WHAT and WHY: Immunophenotyping employs antibodies to label antigens (proteins) on or within cells that may characterize or identify a cell or tissue type. In clinical veterinary medicine, we commonly phenotype lymphoid tumor cells to determine if they are of T cell or B cell origin, for two reasons. For decades, we have been phenotyping canine lymphomas to more accurately assess prognosis. In a recent report, three subtypes have been identified with very different prognoses: low-grade T cell lymphoma, high-grade T cell lymphoma, and B cell lymphoma.1 Generally speaking, the median survival time of a canine high-grade B cell lymphoma patient that responds well to multi-agent chemotherapy is 10-12 months, versus 5-6 months for a high-grade T cell lymphoma patient receiving similar treatment. Furthermore, with the advent of canine-specific immunotherapies developed to specifically target malignant T cell and B cells, a second reason to determine the phenotype of lymphoid malignancies has recently emerged.
HOW: In veterinary medicine, we currently use three methods to (immuno)phenotype lymphoid malignancies, which are IHC, ICC, and flow cytometry.
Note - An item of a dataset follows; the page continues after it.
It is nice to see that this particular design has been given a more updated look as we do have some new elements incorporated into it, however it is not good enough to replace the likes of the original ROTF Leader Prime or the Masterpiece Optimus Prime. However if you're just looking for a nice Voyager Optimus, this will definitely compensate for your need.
These methods commonly use antibodies directed at CD3 on the surface of T cells, and CD20, CD21, or CD79a on or within B cells. For these methods to work, the cells of interest have to express a consistent pattern of positivity and negativity for an array of CD markers. For example, a T cell lymphoma will typically be CD3 positive and CD79a negative, while a B cell lymphoma will be CD3 negative and CD79a positive.
Another method used to phenotype lymphoid malignancies that does not use antibodies (hence, this is not true immunophenotyping), is PARR. This PCR method employs DNA primers to amplify regions of the B cell receptor (BCR) genes or T cell receptor (TCR) genes, to detect the presence of a clonal T or B cell population.
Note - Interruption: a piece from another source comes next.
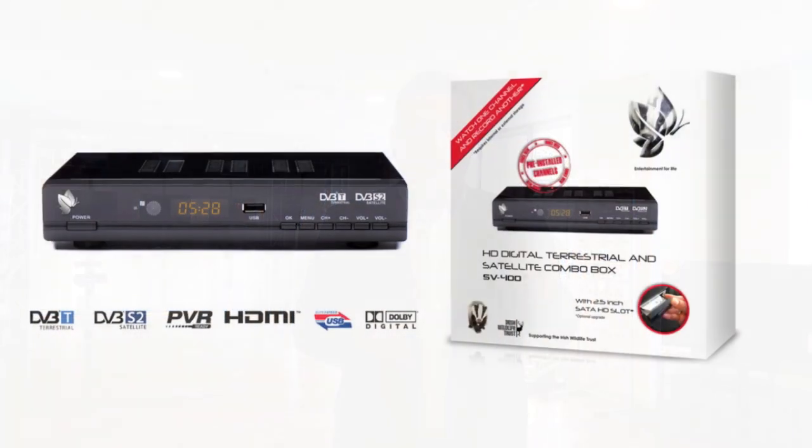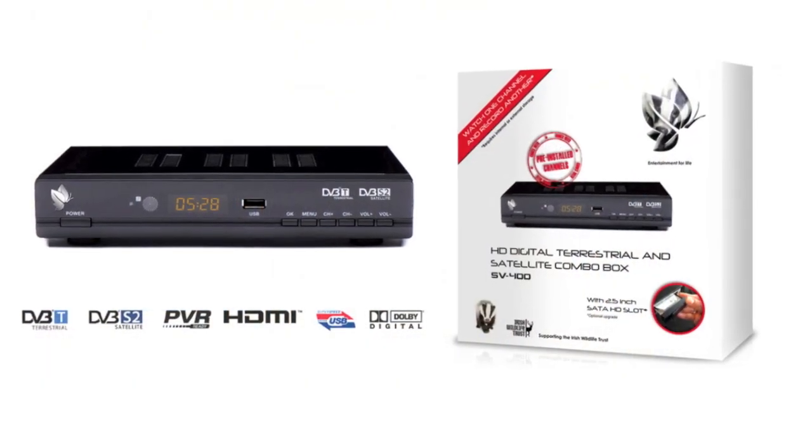In order to get those particular channels, which are called free-to-air channels in the UK, those channels come in by satellite. So what you will need is a combination set-top box, such as the 4LIFE SV400. This box will bring all of those channels together with a satellite connection and a terrestrial connection.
|Immunohistochemistry (IHC)||Architecture of tumor preserved, pathologists can see cellular arrangements of T cells and B cells||Biopsy required (sedation, surgery, costs)|
|Immunocytochemistry (ICC)||Performed on air-dried, cytology slides (can be run months to years after slides are made)||Requires unstained slides with ample, intact cellularity
Limited number of antibodies for antigen detection
|Flow Cytometry||Can employ a long list of antibodies for detecting many cellular markers||Requires well-preserved cells in a fluid medium (sterile saline, blood), so must be run within days of acquisition|
|PCR for Antigen Receptor Rearrangement (PARR)||Requires DNA, not intact cells, so can be run on stained cytology slides, biopsy specimens, and fluid||~20% of canine samples with confirmed malignancy will give a negative result|
A 4-year-old, spayed female French Bulldog presented to a referral hospital with a cytologic diagnosis of lymphoma and enlarged mandibular lymph nodes. The patient received prednisone with asparaginase treatment and exhibited some response, but did not achieve a full clinical remission. Additional aspirates were obtained and submitted for flow cytometric evaluation. The cells were negative for all standard T cell and B cell markers (CD3, CD20, etc.), but were CD34+ and CD14+, suggesting myeloid origin.
Additional fine needle aspirates of the enlarged mandibular lymph nodes were obtained and submitted for a second cytologic evaluation. The slides were highly cellular and consisted predominantly of intermediate to large immature round cells (lymphocytes), with few small lymphocytes, and occasional neutrophils, mast cells, and plasma cells. The intermediate to large lymphocytes consisted of a small amount of basophilic cytoplasm, a small perinuclear clear area, and an intermediate to large round nucleus with a finely-stippled chromatin pattern and indistinct nucleoli. Occasional mitotic figures are noted. The background consists of many lymphoglandular bodies and occasional free nuclei. The cytologic findings were again consistent with high-grade lymphoma. See photo below.
Since these cells did not express typical lymphoid markers via flow cytometry, the cytology slides were sent to an academic veterinary diagnostic laboratory for PARR analysis. The BCR (B cell receptor) PARR gel showed a crisp band that was not present on the TCRγ PARR gel, confirming a clonal population of B lymphocytes thus consistent with a diagnosis of B cell lymphoma. As a potential explanation for the negative flow cytometry results, hypothetically, these neoplastic B cells may have been too immature to express typical B cell antigens (CD20, CD21, CD79a). In this case, the PARR assay results helped further confirm the original diagnosis of lymphoma and provided the B cell phenotype, and thus providing the clinician the necessary information to proceed with confidence toward a multi-agent chemotherapy protocol for canine lymphoma.